Одни связывают истоки современной науки с философским и научным опытом древних греков (первоначально – эллинские «мудрецы» и софисты, за ними – Сократ, Платон, Аристотель, а уж за ними – Гиппократ, Птолемей, Эвклид), т. е. с эпохой, когда человеческая мысль открыла собственное своеобразие и стала пытаться постигать и анализировать самое себя.

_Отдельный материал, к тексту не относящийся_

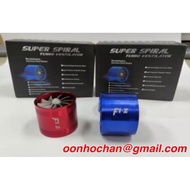 SIMOTA SINGLE FAN | TWIN FAN SUPER SPIRAL TURBO JET VENTILATOR TWIN FAN 2.5 INCH TURBO CHARGER JET F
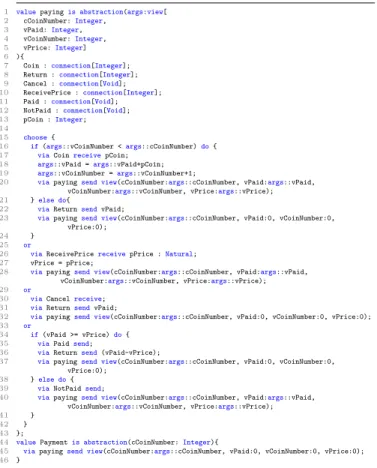 Fig. 9. The payment component expressed in π -ADL.NET.
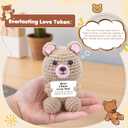 2 x Funny mom Gifts - Mom I Bear Love You Crochet Bear, Adorable for Birthday, Mother's Day, Valentine's Day, Christmas, Thanksgiving(Mom)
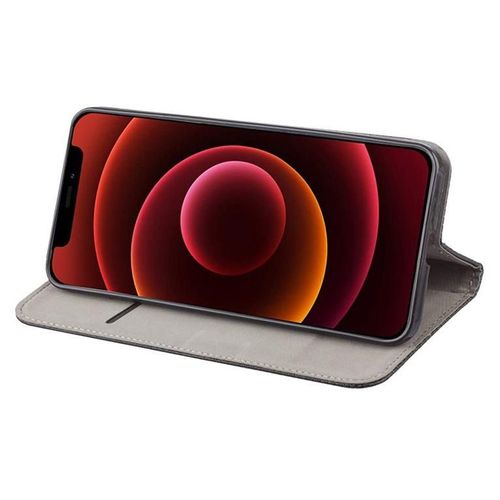 Jaym - Étui À Rabat Pour Téléphone Portable - Magnétique, Support - Faux Cuir Polyuréthane - Noir - Pour Apple Iphone 11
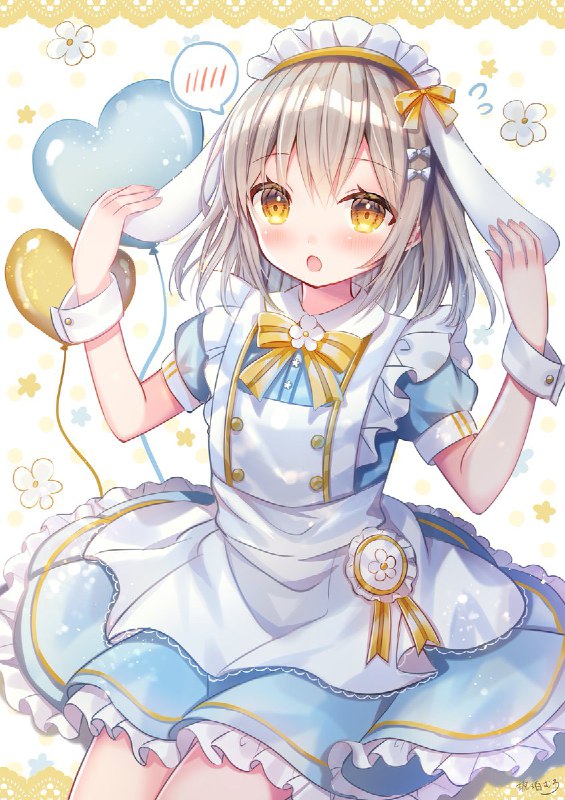 「これ、似合いますか…？🐰🌼」#オリジナル source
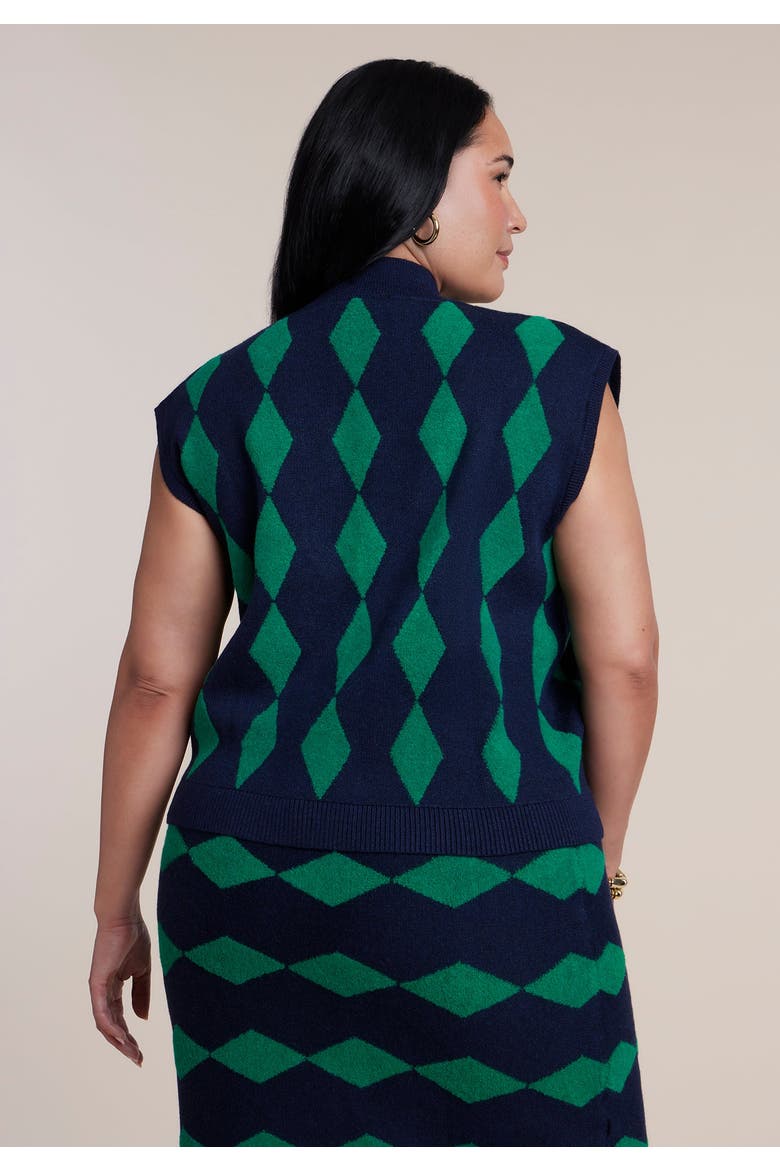 Intarsia Sweater Vest, Alternate, color, COLORBLOCK GEO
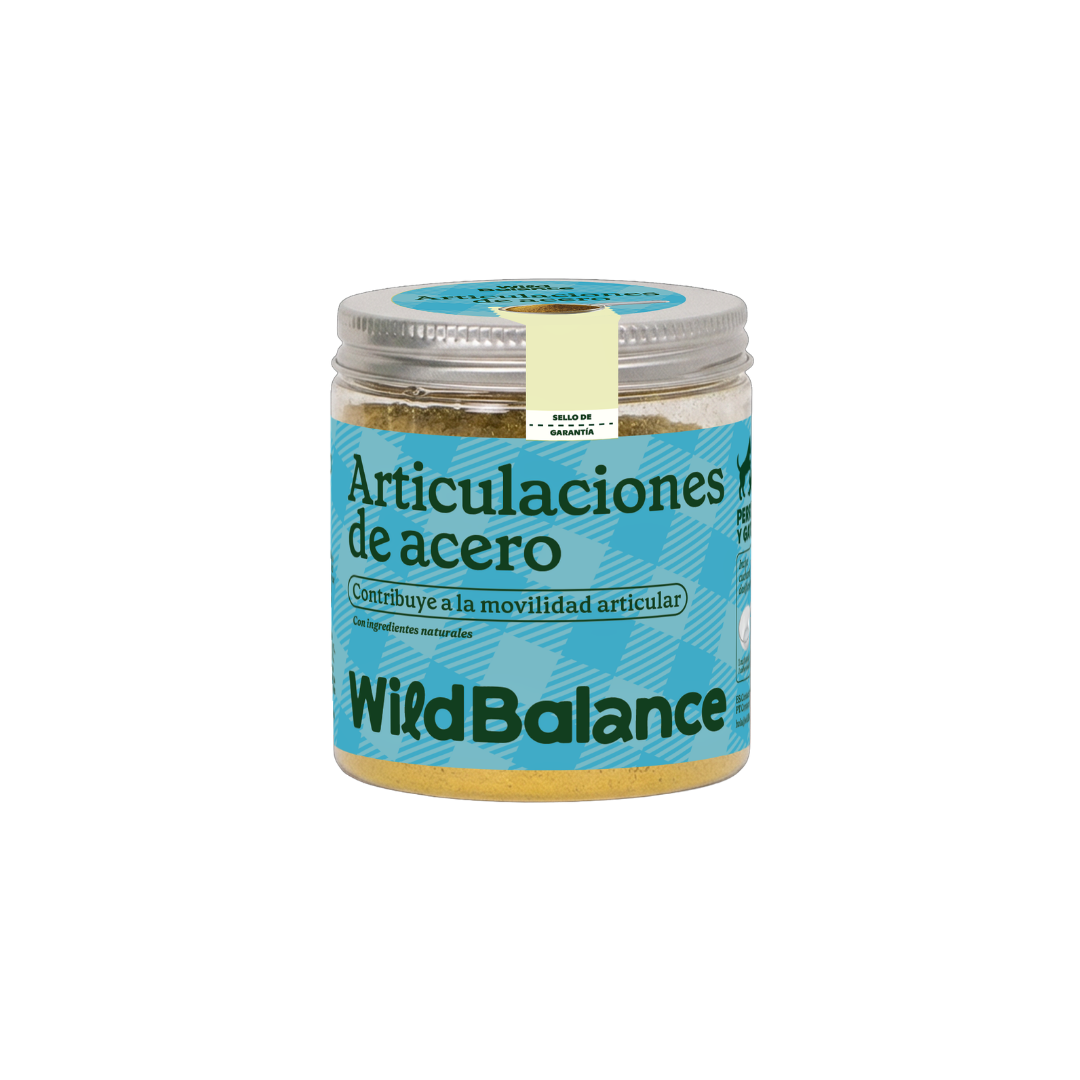 Stahlgelenke Natürliches Ergänzungsmittel für Haustiere Wild Balance 100 g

Когда она стала ставить вопросы об общей, сквозной проблематике и Бытия, и Мышления.

Другие связывают эти истоки с эпохами христианской патристики и схоластики, когда, во-первых, был поставлен вопрос о специфике человеческого субъекта мышления, во-вторых, был сознательно отточен логический аппарат мышления, а, в-третьих, были отточены методы теоретической дискуссии (кстати сказать, во многом опиравшиеся на разработанные в римском праве формы состязательного судебного процесса)[671].

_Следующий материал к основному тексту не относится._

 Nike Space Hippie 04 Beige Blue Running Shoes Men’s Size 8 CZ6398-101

Третьи связывают начало современной науки с тем интеллектуальным переворотом во всемipной истории XVI–XVIII столетий, который ознаменован целой вереницей научных и философских открытий: начиная гелиоцентрической системой Николая Коперника и кончая критической философией Иммануила Канта и первыми опытами с электричеством.

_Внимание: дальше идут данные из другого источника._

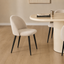 Ingrid Dining Chair, Upholstered Linen Fabric, Beige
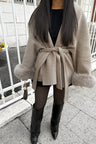 Classic Faux Fur Evening Coat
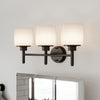Design House Aubrey 3-Light Vanity Light Matte Black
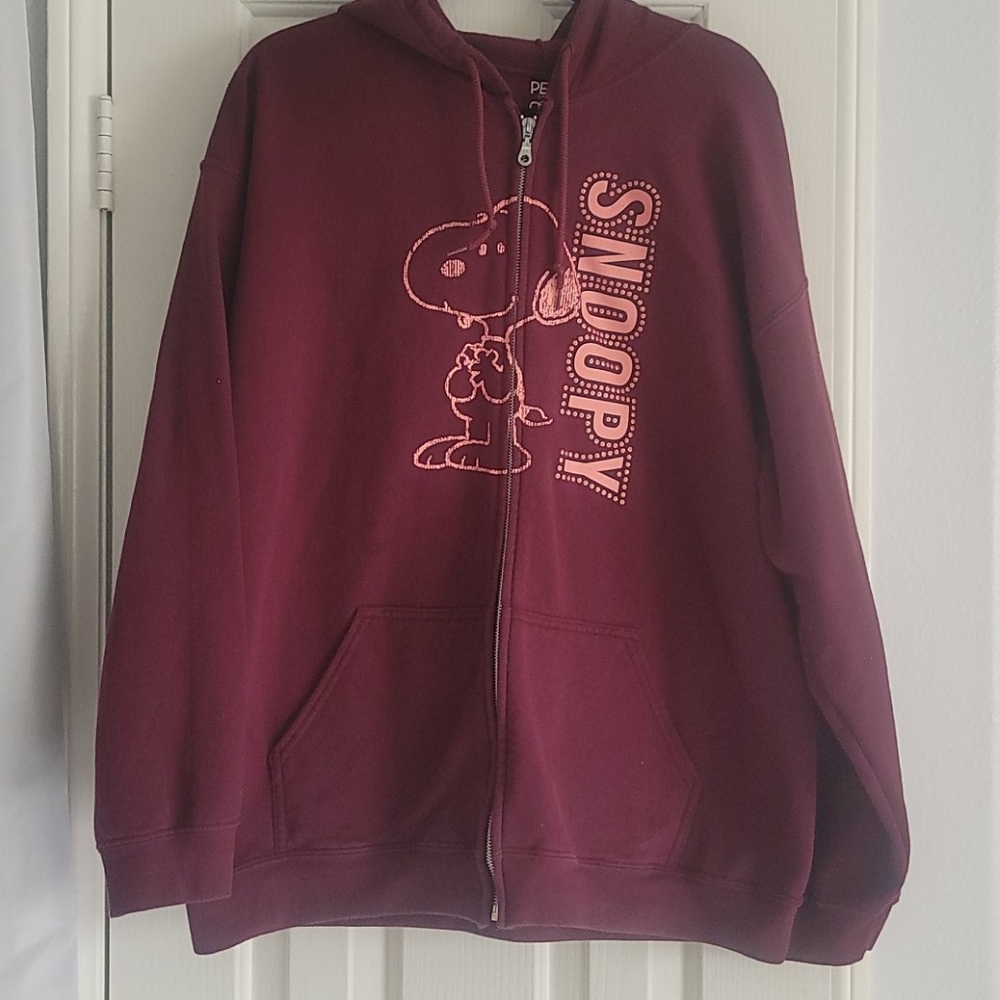 Peanuts snoopy zip up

И дело здесь на только в утверждении непреложной связи научного мышления и научного эксперимента с постоянной работой мысли над собой (вспомним декартовское: «Мыслю, следовательно, я есмь»[672]), и не только в беспрецедентном тематическом обогащении наших познаний, но и в становлении разветвленной институциональной основы научной деятельности. Это время освобождения университетского дела от клерикального диктата, время бурного становления научных обществ и академий, публичных библиотек и лекториев, архивов и музеев, издательского и журнального дела, лабораторий, клиник, мастерских и ботанических садов. Консолидация тогдашних европейских государств и валют, становление национальных рынков – всё это приводило к отмене внутренних таможен и к развитию системы дорожных служб и почтовых связей и – благодаря этому – к интенсификации интернационального научного общения, включая и книгообмен[673]. Кстати сказать, благодаря Петровским преобразованиям первой четверти XVIII столетия к этому процессу интернационального научного общения, к процессу становления европейской цивилизации знаний подключилась и Россия [Кузнецова 1997; Рашковский 2012], подсказав и прочертив тем самым многие дальнейшие пути последующей истории внезападного, внеевропейского человечества [Рашковский 1990].

Далее, четвертая категория исследователей связывает истоки современной науки с тем интеллектуальным переворотом начала прошлого столетия, который связан с «физическим идеализмом», с теорией относительности и квантовой теорией. Исследователи обосновывают свою позицию тем обстоятельством, что именно в этот период наука наконец-то нашла не только подлинную свою проблематику, но и адекватный этой проблематике теоретический язык.